AFAIK, KMail is WYSIWYG. Actually, I am surprised to hear that some clients do 
change content after I hit send?!

> Threading must be done properly.

+1 for KMail, for sane definitions of "properly". :-)

> And a three-pane GUI is a must for
> stepping through lots of mail fast, and without getting windows all over
> the place

Windows? What windows? ;-)

I have the following setup (from now on assume I always talk about KMail 
unless stated otherwise):

* only one window (the application itself)
* vertical pane on the left to look at the maildir tree
* horizontal top pane to look at the threads and/or individual messages
* horizontal main (big) pane to display the current message text
* a customized toolbar at the top of the screen with buttons: New, Check Mail, 
Collapse/Expand All Threads, Collapse/Expand This Thread, Use Fixed Font, 
Addressbook, (Don't) Show All Headers.

In a couple of clicks I can get to any message I want. And a new window opens 
only when I an composing a reply or a new message.

> The program must be fast.

I have a lot of mail stored locally (I rarely delete anything other than 
spam), so KMail takes a bit of a time to load. However, once up and running, I 
have seen no speed issues whatsoever, everything seems basically responsive 
instantaneously.

> The program must use a neat GUI.  I find Thunderbird a waste of screen
> real estate

I've already described my screen setup, most of it is used to display message 
text and the list of messages/threads. The only downside is that I am not able 
to put both menu bar and button toolbar on a single row (next to each other), 
which would save one further line for something useful. I think this feature 
is missing in GUI's in general, not just KMail.

> It needs good filtering

I use only most basic filtering --- move incoming message to this or that 
folder based on subject or sender or whatever --- and I have a feeling I 
haven't used 2% of KMail filtering potential. It has a huge infrastructure for 
configuring all kinds of filtering choices, AFAICS.

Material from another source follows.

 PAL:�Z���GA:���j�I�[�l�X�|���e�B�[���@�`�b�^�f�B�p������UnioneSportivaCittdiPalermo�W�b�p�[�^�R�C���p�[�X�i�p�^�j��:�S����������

> It must handle HTML decently.

For safety reasons, KMail doesn't display html mail by default (this can be 
changed, of course), but instead displays a warning that message content is 
html and thus unsafe, and offers a link to click to override. I don't receive 
much of html mail anyway, so the message rarely appears. I find it convenient, 
when I see a html message appearing on the Fedora list I simply delete it, 
without reading. If it comes from my good friend, I click to override and read 
it.

As for sending, I never send html, but this can also be configured, as default 
or case-by-case. Don't know how powerful is the html editor, though.

> It must handle attachments well, including ones sent with the wrong MIME
> type.

Attachments are typically shown as icons at the bottom of the message. When 
left-clicked give a choice of "open" (with appropriate app), and "save to 
disk". When  right-clicked, it offers a whole wealth of options, one of them 
being "delete attachment", which does what you want. It also warns you that 
deleting attachment renders the GPG signature invalid.

> It must handle GPG/PGP well.

I don't use this, but it is integrated by default, and I see that signed 
messages sent by others are handled as I would like --- they are colored 
appropriately to notify me that a message is signed, that the key has not been 
verified, and offer a button to the right of the message header to verify it if 
I choose so. I never did, though. No speed issues for me.

> Out of all these criteria, and a few others that I can't recall at the
> moment, Evolution still manages to be the least worst, overall.

Maybe you are restricting the set to Gnome-only apps?